Exercise instructions: Without the pictures, can you quote each line below exactly?

Information shown:
......

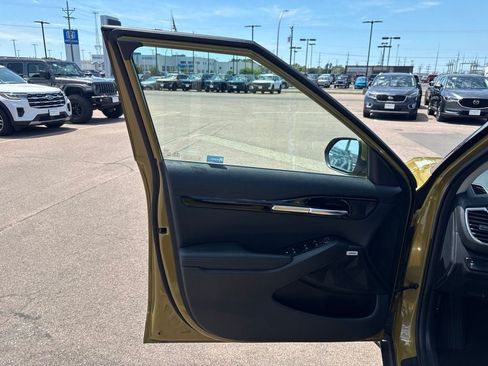 Used 2024 Kia Seltos SX w/ SX Sunroof Package AWD/4WD image 11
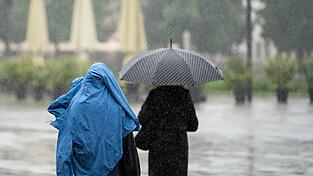 Nass und mit Temperaturen unter 25 Grad geht der Juli in Deutschland zu Ende.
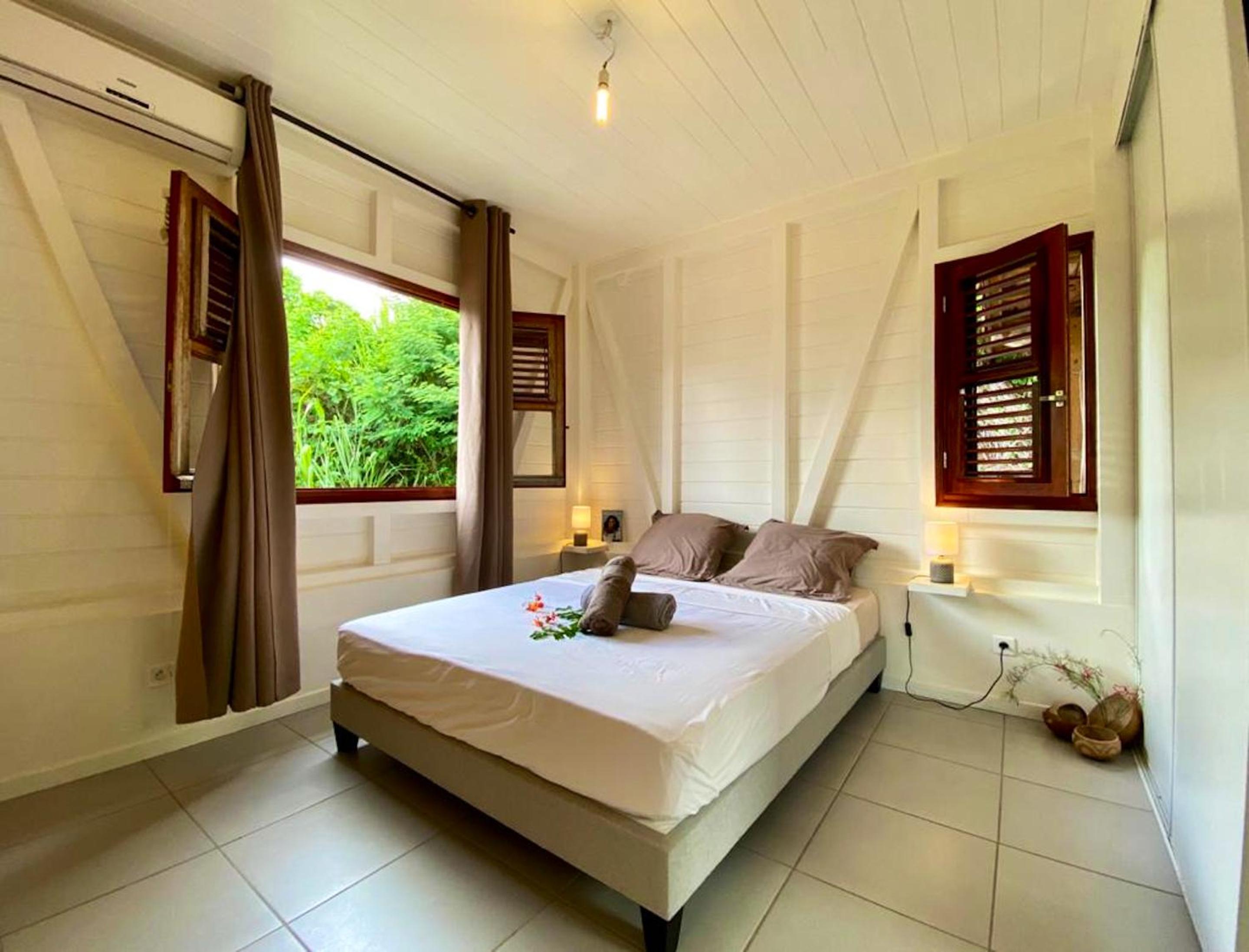 "Villa confortable proche de Case-Pilote avec piscine privée" view 2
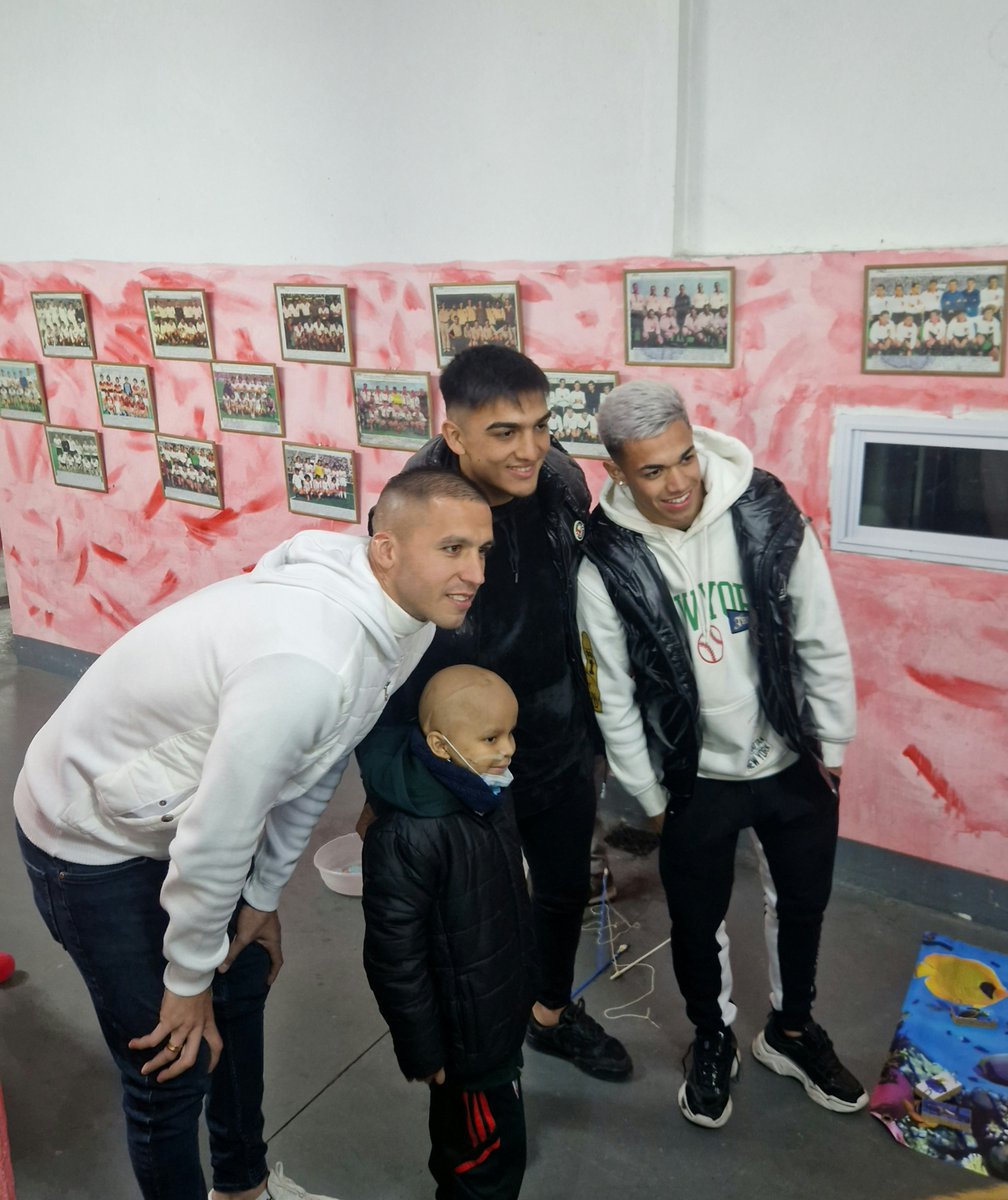 CAHuracan's tweet image. Se festejó el Día de las Infancias en el Palacio Ducó con nenes y nenas en tratamientos oncológicos del Hospital Garrahan 😍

......

Task result:
 Used 2024 Kia Seltos SX w/ SX Sunroof Package AWD/4WD image 11
 Nass und mit Temperaturen unter 25 Grad geht der Juli in Deutschland zu Ende.
 "Villa confortable proche de Case-Pilote avec piscine privée" view 2
 CAHuracan's tweet image. Se festejó el Día de las Infancias en el Palacio Ducó con nenes y nenas en tratamientos oncológicos del Hospital Garrahan 😍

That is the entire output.